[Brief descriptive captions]
——————

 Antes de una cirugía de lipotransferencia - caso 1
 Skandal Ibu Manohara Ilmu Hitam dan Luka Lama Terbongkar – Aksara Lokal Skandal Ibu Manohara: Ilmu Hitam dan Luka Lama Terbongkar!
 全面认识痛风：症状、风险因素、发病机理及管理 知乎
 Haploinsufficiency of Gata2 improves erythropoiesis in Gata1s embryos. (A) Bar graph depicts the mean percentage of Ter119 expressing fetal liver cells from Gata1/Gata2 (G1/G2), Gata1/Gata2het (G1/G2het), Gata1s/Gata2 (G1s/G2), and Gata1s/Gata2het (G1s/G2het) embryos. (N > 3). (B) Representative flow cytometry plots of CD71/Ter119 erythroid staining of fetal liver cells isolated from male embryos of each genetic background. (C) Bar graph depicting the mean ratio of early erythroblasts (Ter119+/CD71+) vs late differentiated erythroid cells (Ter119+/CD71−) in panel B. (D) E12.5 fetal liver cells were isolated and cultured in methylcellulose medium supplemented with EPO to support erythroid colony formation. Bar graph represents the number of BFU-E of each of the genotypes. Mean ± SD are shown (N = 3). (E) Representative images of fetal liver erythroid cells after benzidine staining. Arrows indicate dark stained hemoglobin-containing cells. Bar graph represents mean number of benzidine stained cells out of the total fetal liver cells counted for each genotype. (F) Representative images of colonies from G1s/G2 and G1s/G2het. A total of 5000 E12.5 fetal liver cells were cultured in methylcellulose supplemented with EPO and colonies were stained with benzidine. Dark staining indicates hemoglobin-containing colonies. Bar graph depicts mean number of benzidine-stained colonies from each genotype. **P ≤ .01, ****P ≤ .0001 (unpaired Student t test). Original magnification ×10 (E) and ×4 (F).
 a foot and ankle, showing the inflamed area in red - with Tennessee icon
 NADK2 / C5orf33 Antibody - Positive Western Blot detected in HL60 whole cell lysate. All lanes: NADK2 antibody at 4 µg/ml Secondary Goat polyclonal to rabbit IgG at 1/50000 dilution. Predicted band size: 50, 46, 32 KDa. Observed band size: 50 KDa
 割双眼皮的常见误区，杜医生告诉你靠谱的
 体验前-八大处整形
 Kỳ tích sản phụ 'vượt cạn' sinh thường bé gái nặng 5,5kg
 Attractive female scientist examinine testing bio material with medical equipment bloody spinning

——————

The records above should be transcribed in full, with no differences.

 Antes de una cirugía de lipotransferencia - caso 1
 Skandal Ibu Manohara Ilmu Hitam dan Luka Lama Terbongkar – Aksara Lokal Skandal Ibu Manohara: Ilmu Hitam dan Luka Lama Terbongkar!
 全面认识痛风：症状、风险因素、发病机理及管理 知乎
 Haploinsufficiency of Gata2 improves erythropoiesis in Gata1s embryos. (A) Bar graph depicts the mean percentage of Ter119 expressing fetal liver cells from Gata1/Gata2 (G1/G2), Gata1/Gata2het (G1/G2het), Gata1s/Gata2 (G1s/G2), and Gata1s/Gata2het (G1s/G2het) embryos. (N > 3). (B) Representative flow cytometry plots of CD71/Ter119 erythroid staining of fetal liver cells isolated from male embryos of each genetic background. (C) Bar graph depicting the mean ratio of early erythroblasts (Ter119+/CD71+) vs late differentiated erythroid cells (Ter119+/CD71−) in panel B. (D) E12.5 fetal liver cells were isolated and cultured in methylcellulose medium supplemented with EPO to support erythroid colony formation. Bar graph represents the number of BFU-E of each of the genotypes. Mean ± SD are shown (N = 3). (E) Representative images of fetal liver erythroid cells after benzidine staining. Arrows indicate dark stained hemoglobin-containing cells. Bar graph represents mean number of benzidine stained cells out of the total fetal liver cells counted for each genotype. (F) Representative images of colonies from G1s/G2 and G1s/G2het. A total of 5000 E12.5 fetal liver cells were cultured in methylcellulose supplemented with EPO and colonies were stained with benzidine. Dark staining indicates hemoglobin-containing colonies. Bar graph depicts mean number of benzidine-stained colonies from each genotype. **P ≤ .01, ****P ≤ .0001 (unpaired Student t test). Original magnification ×10 (E) and ×4 (F).
 a foot and ankle, showing the inflamed area in red - with Tennessee icon
 NADK2 / C5orf33 Antibody - Positive Western Blot detected in HL60 whole cell lysate. All lanes: NADK2 antibody at 4 µg/ml Secondary Goat polyclonal to rabbit IgG at 1/50000 dilution. Predicted band size: 50, 46, 32 KDa. Observed band size: 50 KDa
 割双眼皮的常见误区，杜医生告诉你靠谱的
 体验前-八大处整形
 Kỳ tích sản phụ 'vượt cạn' sinh thường bé gái nặng 5,5kg
 Attractive female scientist examinine testing bio material with medical equipment bloody spinning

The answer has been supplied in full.